_THE TASK_: Beginning with the line that has "Cover page: RNA" and ending with the line that has "JIG Puzzle app", retype the entries below exactly, except for the pictures.

_RAW DATA_:
- - - - -

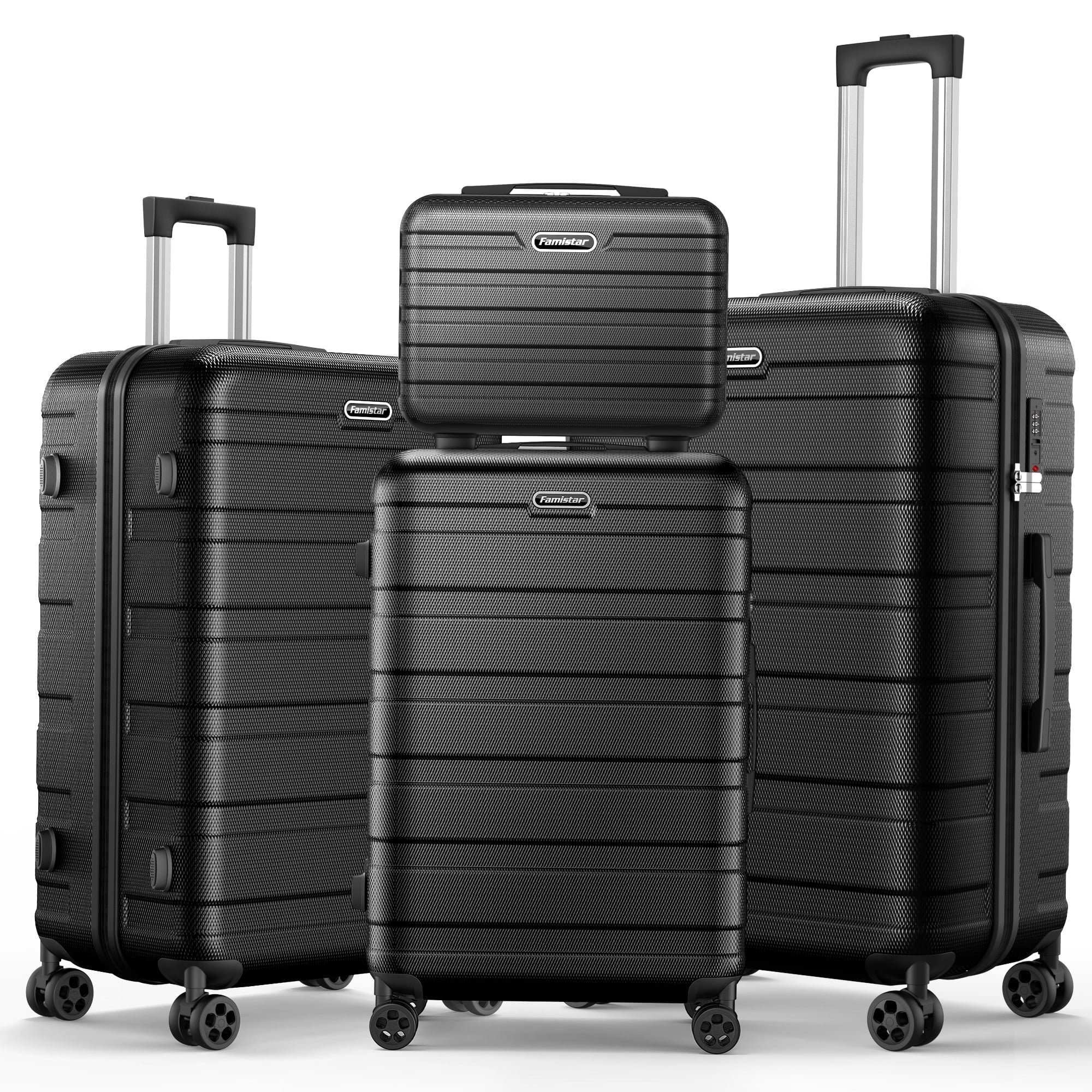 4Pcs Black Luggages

- - - - -

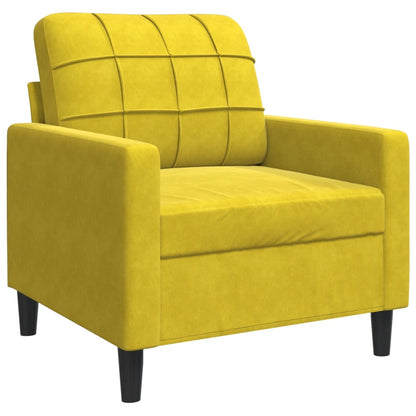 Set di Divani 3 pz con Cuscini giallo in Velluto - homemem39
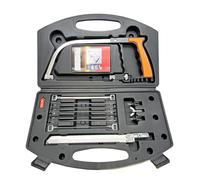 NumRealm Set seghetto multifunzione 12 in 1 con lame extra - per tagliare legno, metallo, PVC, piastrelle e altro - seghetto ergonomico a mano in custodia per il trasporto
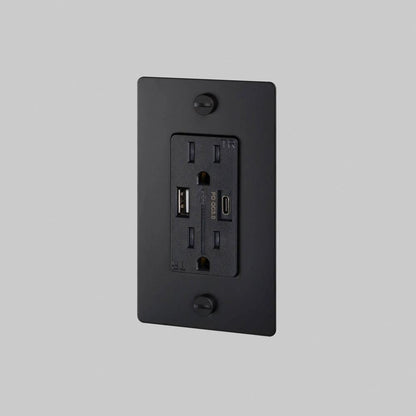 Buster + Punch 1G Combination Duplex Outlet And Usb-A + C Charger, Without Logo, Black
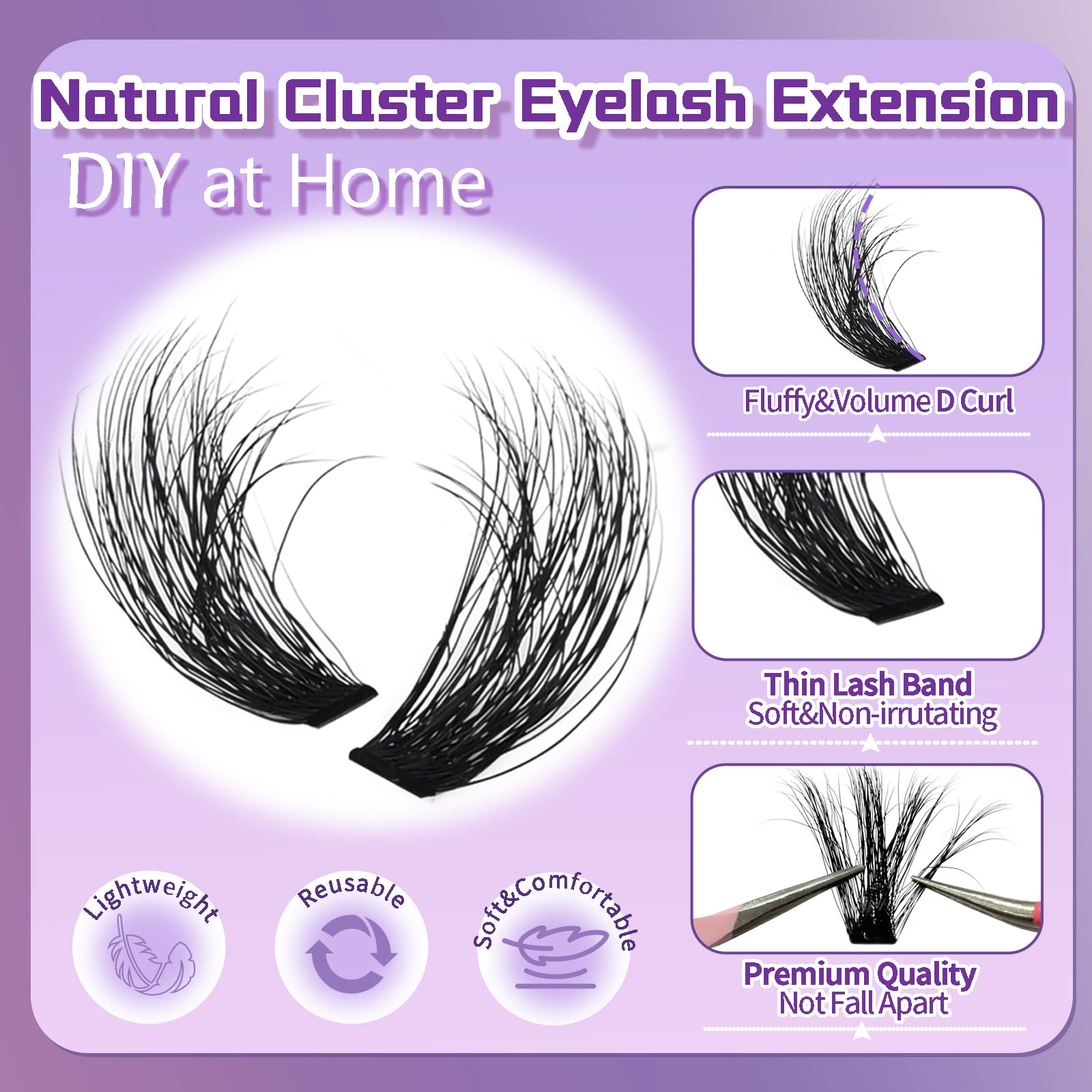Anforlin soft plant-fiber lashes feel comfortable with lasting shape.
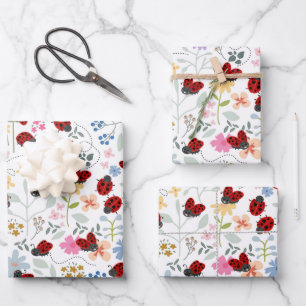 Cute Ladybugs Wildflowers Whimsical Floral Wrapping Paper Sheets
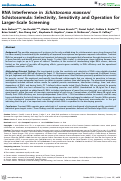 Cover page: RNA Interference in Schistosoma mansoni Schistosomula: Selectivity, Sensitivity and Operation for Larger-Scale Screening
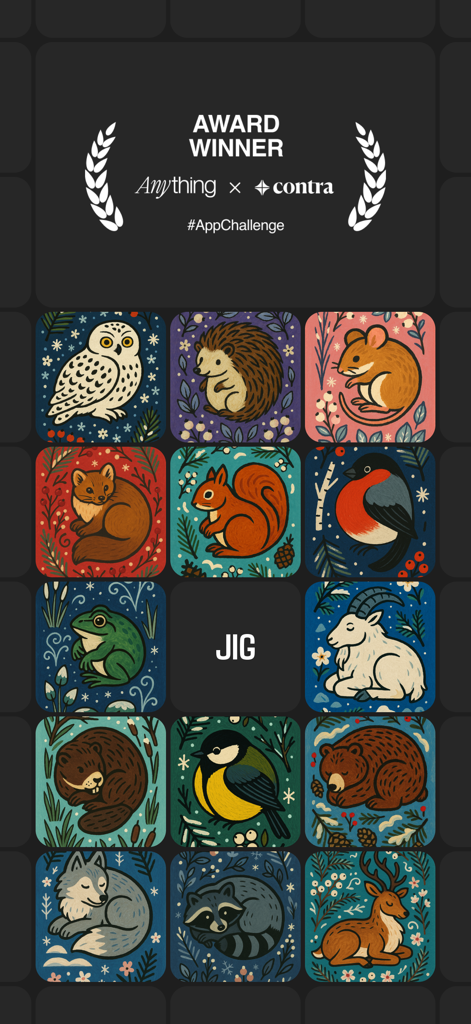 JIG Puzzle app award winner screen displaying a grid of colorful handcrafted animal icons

- - - - -

_ANSWER FOR THE TASK_:
 Cover page: RNA Interference in Schistosoma mansoni Schistosomula: Selectivity, Sensitivity and Operation for Larger-Scale Screening
 JIG Puzzle app award winner screen displaying a grid of colorful handcrafted animal icons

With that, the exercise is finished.